[BRIEF] Excluding all pictures, please output the listing exactly.
———
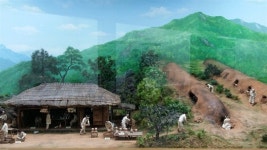 청자에서 백자로... 한국 도자 역사의 타임캡슐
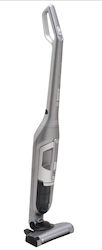 Bosch Flexxo Gen2 Rechargeable Stick Vacuum 21.6V Silver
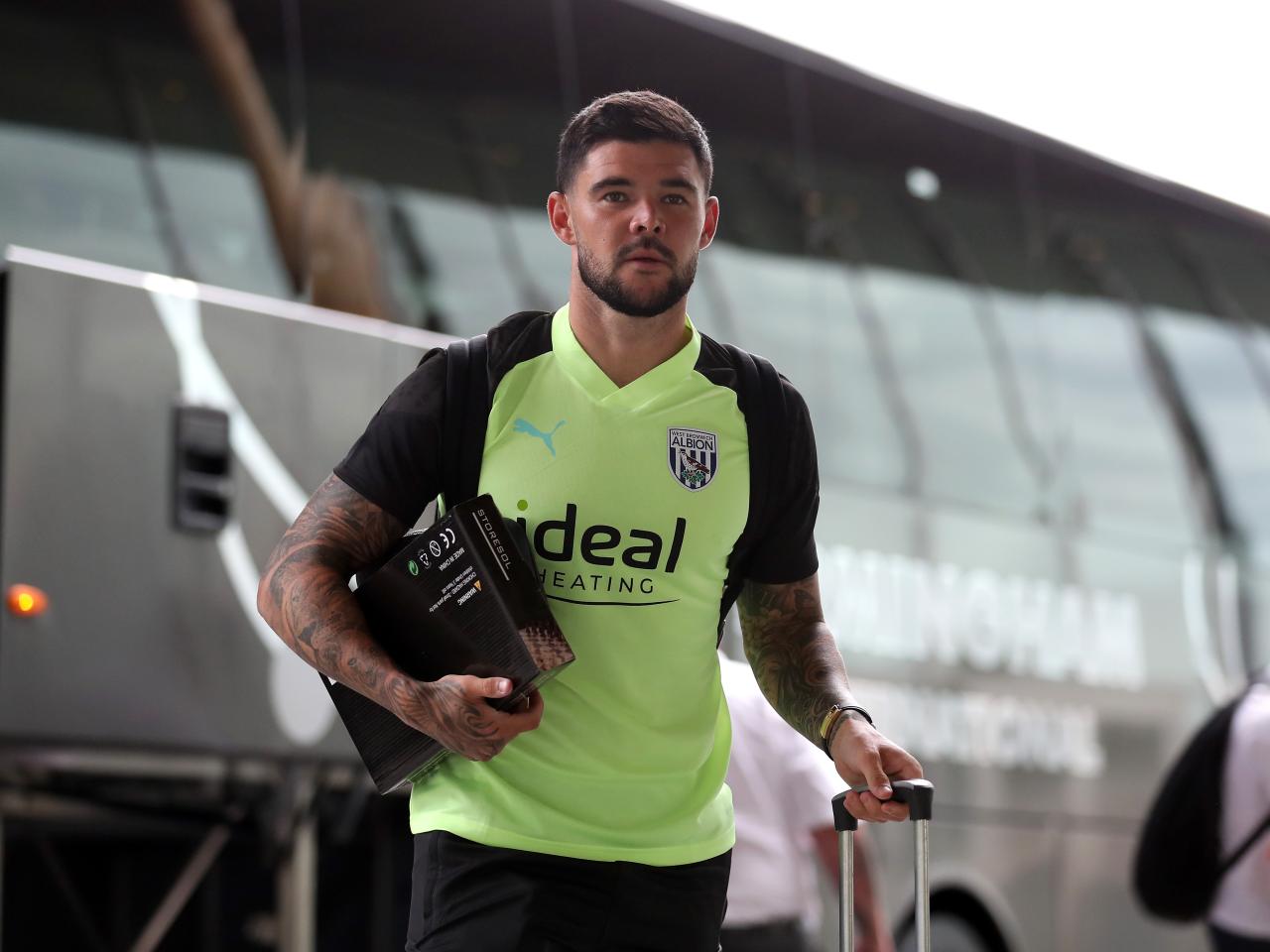 Day One St. George's Park 14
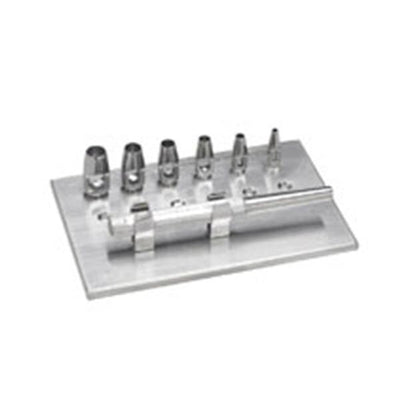 Miltex Biopsy Punch Dermal Keyes 3-1/2" Handle Stainless Steel Reusable Each - Integra Miltex - 33-30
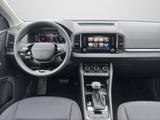 Skoda Karoq Tour 1,5 TSI 110 kW 7-Gang-DSG - Skoda Karoq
———
[TASK RESULT]
 청자에서 백자로... 한국 도자 역사의 타임캡슐
 Bosch Flexxo Gen2 Rechargeable Stick Vacuum 21.6V Silver
 Day One St. George's Park 14
 Miltex Biopsy Punch Dermal Keyes 3-1/2" Handle Stainless Steel Reusable Each - Integra Miltex - 33-30
 Skoda Karoq Tour 1,5 TSI 110 kW 7-Gang-DSG - Skoda Karoq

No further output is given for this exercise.